### WORK ITEM:
What follows is a listing; repeat exactly, and only, its lines from the one holding "Women’s Loose Casual" through the last, leaving any pictures out.

### DATA SHOWN:
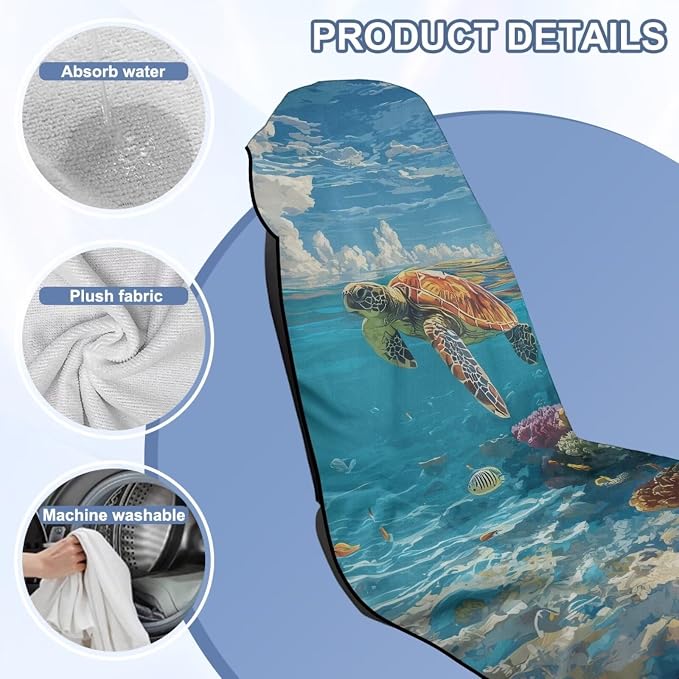 60 x 33 Inch Car Seat Covers Towel Sea Turtle Print Car Seat Protector Front Seats Only with Storage Bag Quick-Dry Sweat Towels for Gym Workout, Running, Swimming, Beach and Hiking - Image 6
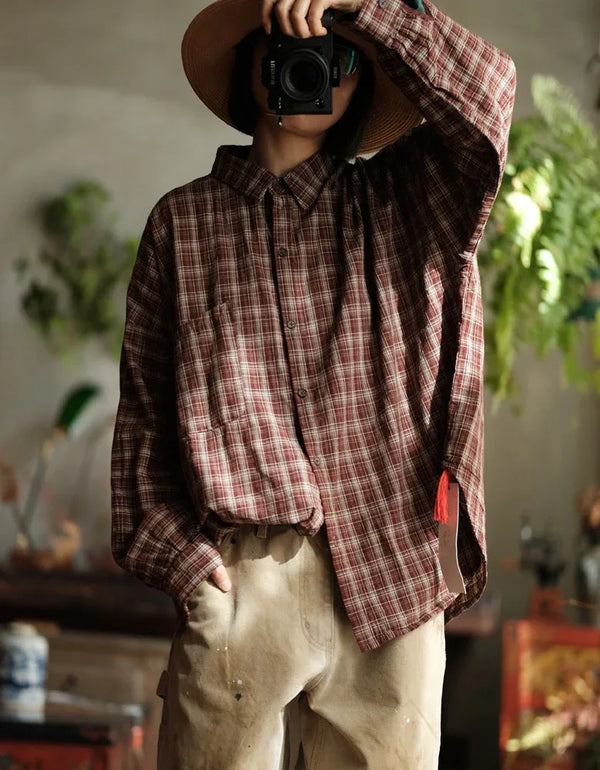 Women’s Loose Casual Vintage Plaid Shirt - Islinen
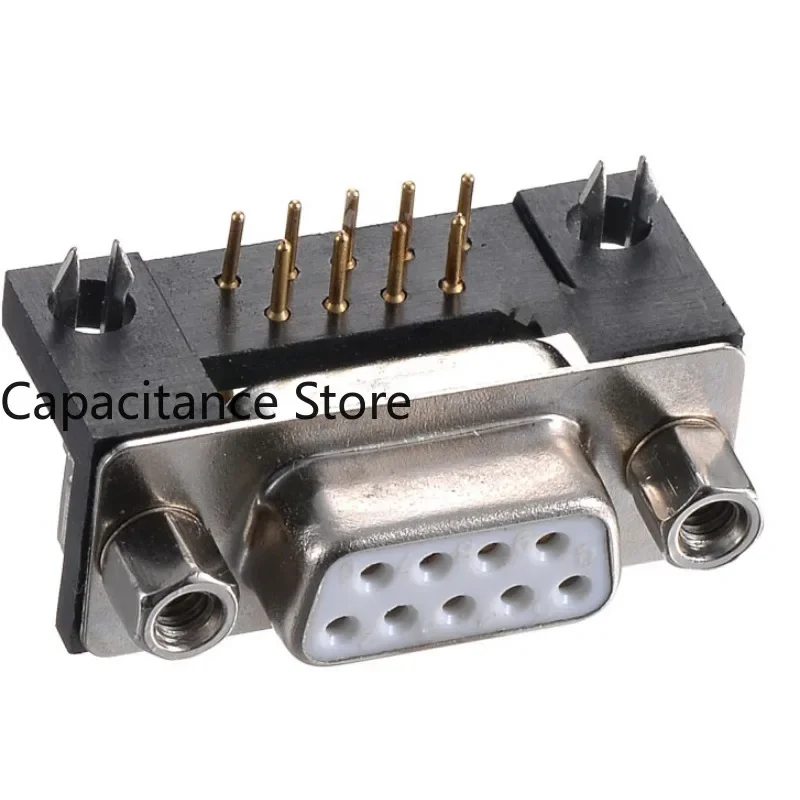 10PCS DB9P female rivet lock 90-degree plug-in board with bracket RS232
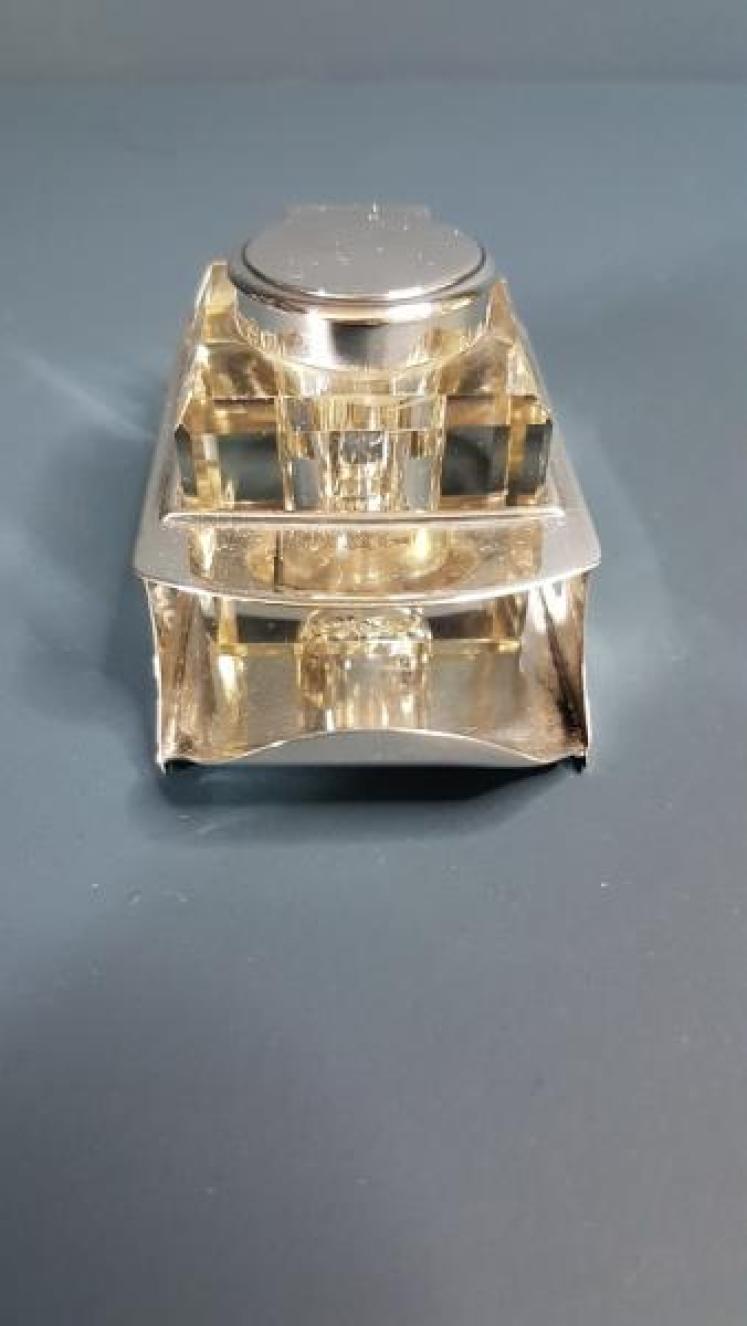 Late Victorian Silver and Cut Glass Inkwell - Image 4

### RESPONSE BELOW:
 Women’s Loose Casual Vintage Plaid Shirt - Islinen
 10PCS DB9P female rivet lock 90-degree plug-in board with bracket RS232
 Late Victorian Silver and Cut Glass Inkwell - Image 4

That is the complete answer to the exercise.